According to media reports, on July 10, Michael Frick, Chief Financial Officer of ZF Friedrichshafen-Germany's second-largest automotive parts supplier-told WirtschaftsWoche magazine that if global vehicle production continues to fall, ZF will implement even stricter cost-cutting measures.

"Our current performance is below expectations, and there are signs that global vehicle production will decline further in the second half of the year," Frick stated. "In that case, ZF will have to take additional cost-reduction steps," he added.
As part of an ongoing restructuring plan, ZF aims to cut up to 14,000 jobs in Germany by 2028-about 25% of its total German workforce.

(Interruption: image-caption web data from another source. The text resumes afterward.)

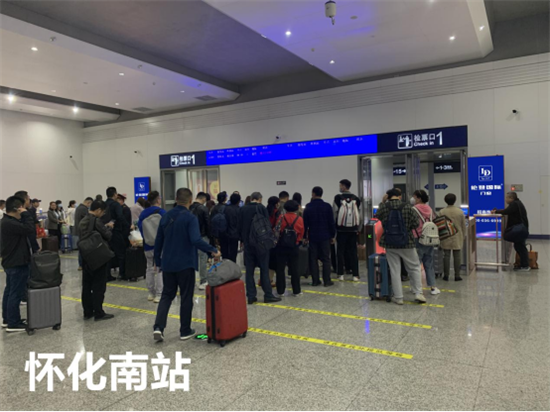 重磅丨倫登國(guó)際門窗簽約高鐵廣告，開啟“高鐵霸屏”模式!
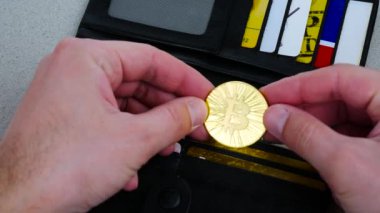 Altın bitcoin ve 100 dolarlık deri cüzdan. Cüzdanında dolar olan Bitcoin. Kripto para birimlerinden kazanç. Doları ve altın bitcoin 'i olan bir madenci. İşçilik, ticaret..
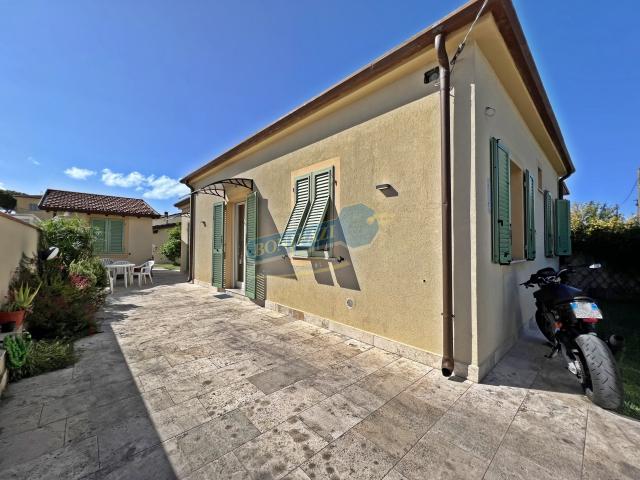 Villa in Via S.Luigi Gonzaga 7, Viareggio - Foto 1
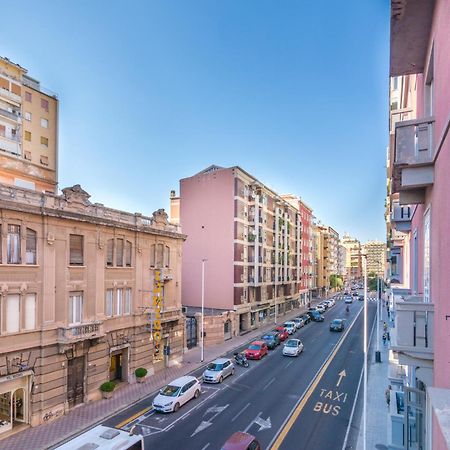 Sunscape Rooms Cagliari City Center Esterno foto
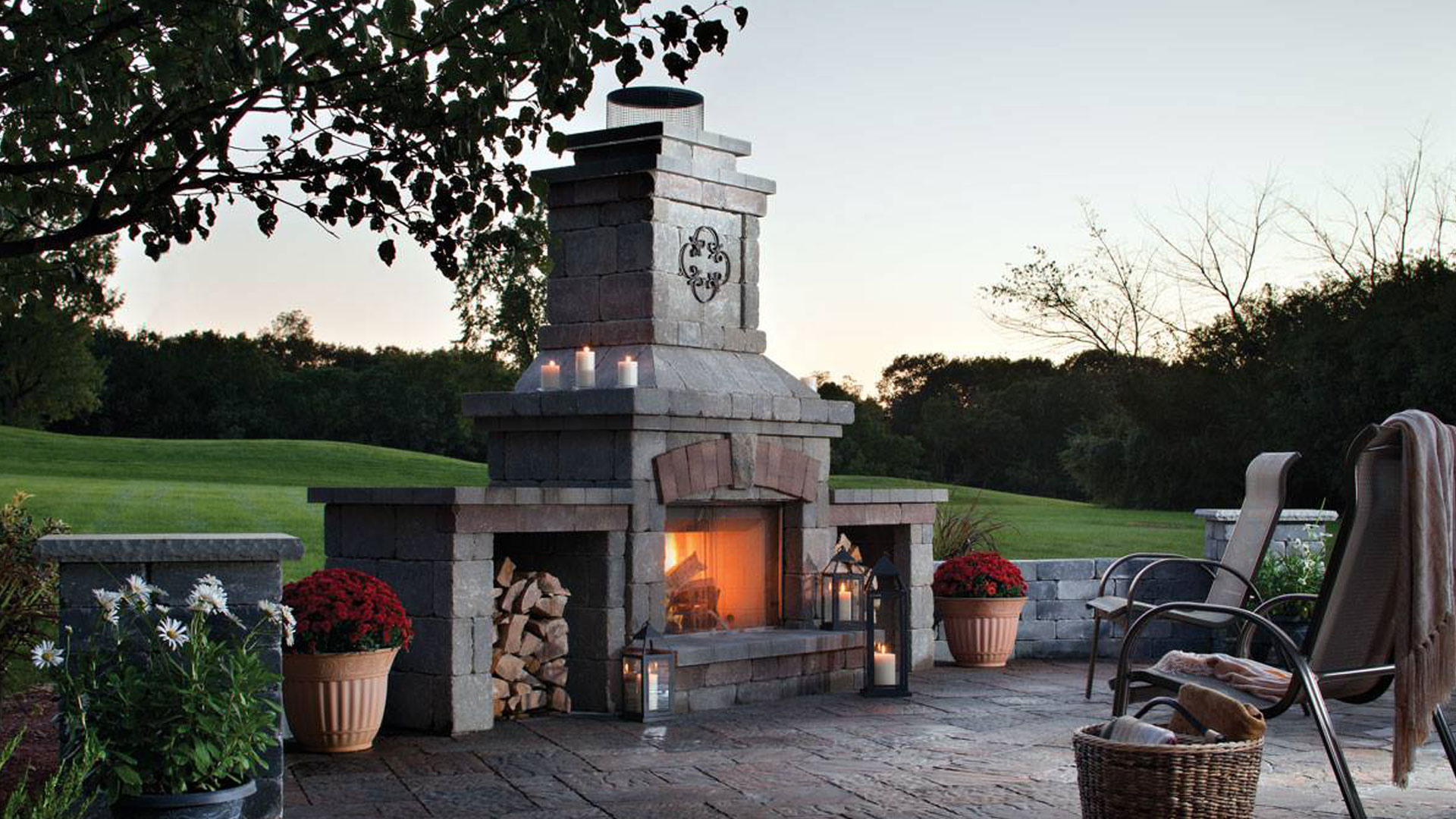CUTTING EDGE LANDSCAPES INC logo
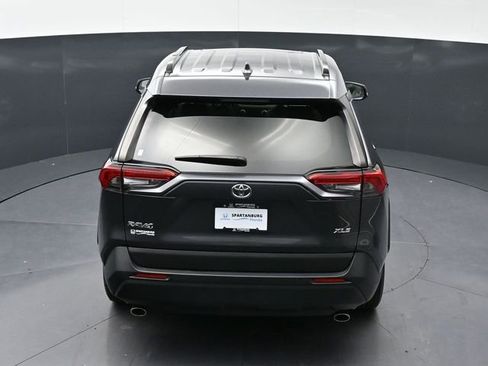 Used 2020 Toyota RAV4 XLE Premium image 28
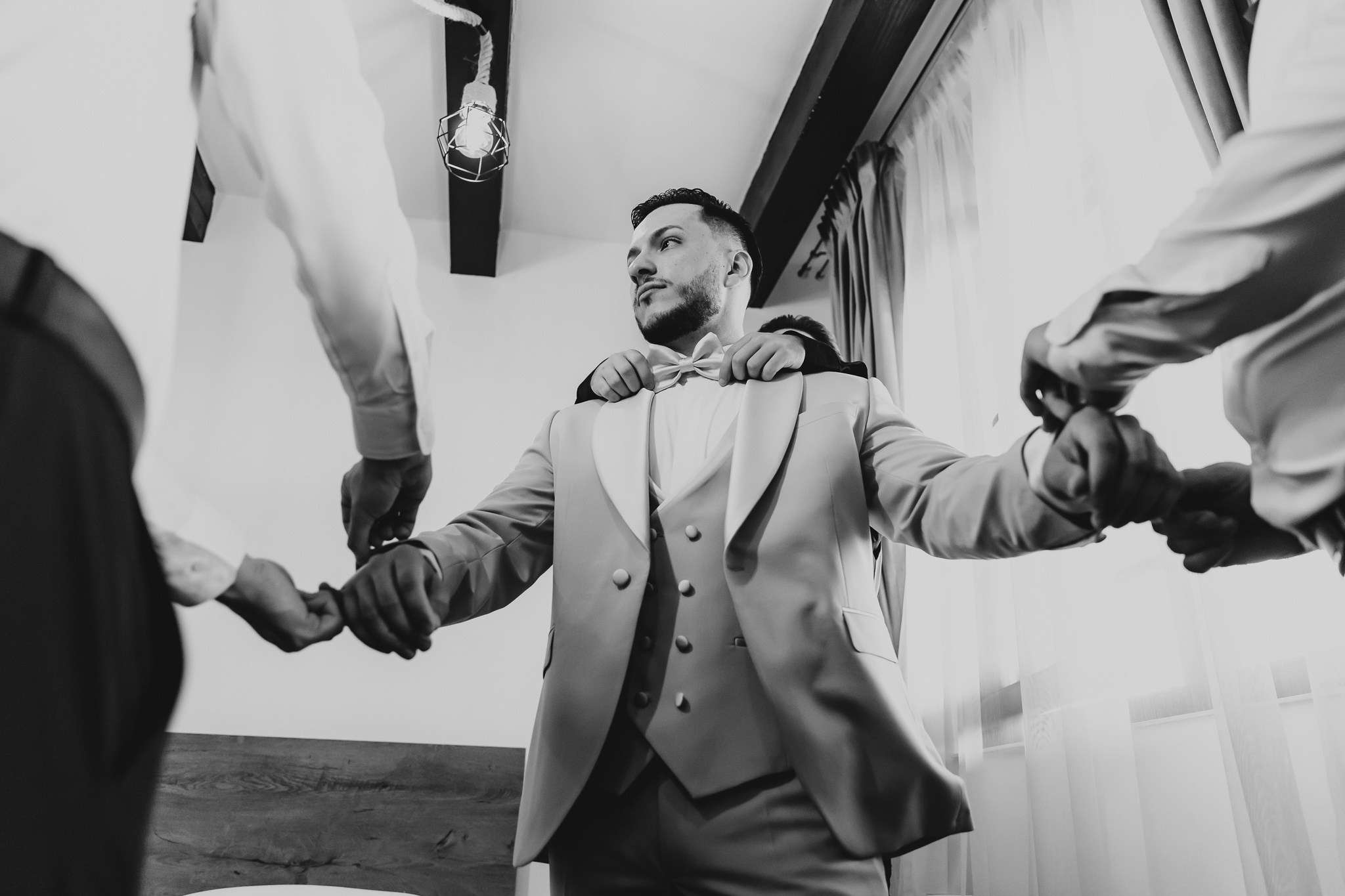 Ioana & Ionuț | Nuntă de poveste la Păstrăvăria Poiana din Mălini județul Suceava. Servicii foto-video profesionale, pentru momente de neuitat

ZF, which supplies transmissions and hybrid drivetrain solutions to automakers, is currently facing weak demand and mounting costs associated with the industry's shift toward electric vehicles (EVs). The company is also struggling with declining sales and profits.
According to Automotive News' June 23 release of the 2025 Top 100 Global OEM Parts Suppliers list, ZF ranked 4th-down two places from the previous year-due to a $5.6 billion drop in automotive-related sales in 2024 compared to 2023.
In its 2024 financial results presentation, ZF noted: "The rollout of electric vehicles has clearly slowed, and automakers have revised their electrification strategies and delayed EV product launches. As a result, the number of ordered EV platforms fell short of expectations, leading to overcapacity in our EV-related component production." The company had previously forecast in December 2023 that EVs would account for 55% of global car sales by 2031, but that projection has since been lowered to 39%.
Notably, in addition to declining market demand and the challenges of transitioning to electric mobility, the European automotive industry is currently facing multiple pressures-including tariffs, high production costs, and fierce competition from Chinese rivals.